Air pollution can reduce the life expectancy of Indians by nine years, says a report by a US research group.

The study says 480 million people in northern India face the “most extreme levels of air pollution in the world” and, over time, these high levels have expanded to cover other parts too.

Strong clean air policies can add up to five years to people’s lives, it adds.

Indian cities routinely dominate global pollution rankings and bad air kills more than a million people every year.

The report by The Energy Policy Institute at the University of Chicago (EPIC) says that north India breathes “pollution levels that are 10 times worse than those found anywhere else in the world”.

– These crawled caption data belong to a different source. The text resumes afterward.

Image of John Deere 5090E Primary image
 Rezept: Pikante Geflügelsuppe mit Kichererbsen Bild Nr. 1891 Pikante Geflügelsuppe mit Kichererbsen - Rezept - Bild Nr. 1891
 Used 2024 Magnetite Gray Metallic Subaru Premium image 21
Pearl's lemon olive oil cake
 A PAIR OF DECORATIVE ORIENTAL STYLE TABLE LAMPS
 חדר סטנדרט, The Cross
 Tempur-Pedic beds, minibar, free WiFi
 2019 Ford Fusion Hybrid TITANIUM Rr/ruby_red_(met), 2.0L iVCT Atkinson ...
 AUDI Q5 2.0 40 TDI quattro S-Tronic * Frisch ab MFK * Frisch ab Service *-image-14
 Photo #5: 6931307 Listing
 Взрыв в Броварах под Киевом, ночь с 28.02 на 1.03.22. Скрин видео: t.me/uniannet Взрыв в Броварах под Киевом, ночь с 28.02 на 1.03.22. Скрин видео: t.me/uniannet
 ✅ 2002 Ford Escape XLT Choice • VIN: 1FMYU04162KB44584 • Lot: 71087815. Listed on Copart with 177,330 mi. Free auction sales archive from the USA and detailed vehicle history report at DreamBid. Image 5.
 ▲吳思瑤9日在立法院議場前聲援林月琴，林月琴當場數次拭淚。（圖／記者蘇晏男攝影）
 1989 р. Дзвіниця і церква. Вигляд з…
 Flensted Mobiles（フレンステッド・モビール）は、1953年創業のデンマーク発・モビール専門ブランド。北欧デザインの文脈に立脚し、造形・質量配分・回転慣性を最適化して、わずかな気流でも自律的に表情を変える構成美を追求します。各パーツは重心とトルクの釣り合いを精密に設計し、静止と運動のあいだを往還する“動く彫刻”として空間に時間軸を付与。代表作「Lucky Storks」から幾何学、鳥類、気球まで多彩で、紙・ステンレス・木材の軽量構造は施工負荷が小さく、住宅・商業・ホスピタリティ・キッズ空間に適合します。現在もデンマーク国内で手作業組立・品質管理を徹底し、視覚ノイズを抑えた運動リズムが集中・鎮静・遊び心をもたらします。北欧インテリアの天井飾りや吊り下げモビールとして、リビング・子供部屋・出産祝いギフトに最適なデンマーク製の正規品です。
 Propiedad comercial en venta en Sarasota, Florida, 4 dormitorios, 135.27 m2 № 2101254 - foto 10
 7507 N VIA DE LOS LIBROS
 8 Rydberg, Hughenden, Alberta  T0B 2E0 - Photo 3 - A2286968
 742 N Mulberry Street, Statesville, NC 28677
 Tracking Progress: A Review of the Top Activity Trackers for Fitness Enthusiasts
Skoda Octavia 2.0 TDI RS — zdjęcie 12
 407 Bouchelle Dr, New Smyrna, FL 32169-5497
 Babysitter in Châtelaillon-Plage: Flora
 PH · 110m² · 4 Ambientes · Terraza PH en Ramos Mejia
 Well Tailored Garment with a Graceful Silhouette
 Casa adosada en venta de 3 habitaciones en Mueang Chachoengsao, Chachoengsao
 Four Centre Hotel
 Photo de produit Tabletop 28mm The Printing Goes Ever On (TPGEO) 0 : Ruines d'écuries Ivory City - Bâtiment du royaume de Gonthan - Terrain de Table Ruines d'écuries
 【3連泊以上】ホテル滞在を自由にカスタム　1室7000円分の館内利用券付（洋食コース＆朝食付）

This air pollution has spread over decades beyond the region to western and central Indian states such as Maharashtra and Madhya Pradesh where the average person is now losing between two and a half-to-three years of life expectancy as compared to early 2000, it adds.

New data from the Air Quality Life Index report by EPIC says that residents in the capital, Delhi, could see up to 10 years added to their lives if air pollution was reduced to meet the World Health Organisation (WHO) guideline of 10 µg/m³.

In 2019, India’s average particulate matter concentration was 70.3 µg/m³ – the highest in the world.

The report says that Bangladesh, India, Nepal and Pakistan, which together account for nearly a quarter of the global population, consistently figure in the top five most polluted countries on earth.

EPIC acknowledges certain policy changes made by the Indian government to fight air pollution, such as the 2019 National Clean Air Programme (NCAP), which aims to reduce dangerous particulate pollution in the country.

“Achieving these goals would have a major impact on the life expectancy levels of Indians – it would increase the national life expectancy level by nearly two years, and three-and-a-half years for residents of Delhi,” it says.

China, the report says, is one example of how effective policy can produce “sharp reductions in pollution in short order”. Since 2013, the country has reduced its particulate production by 29%.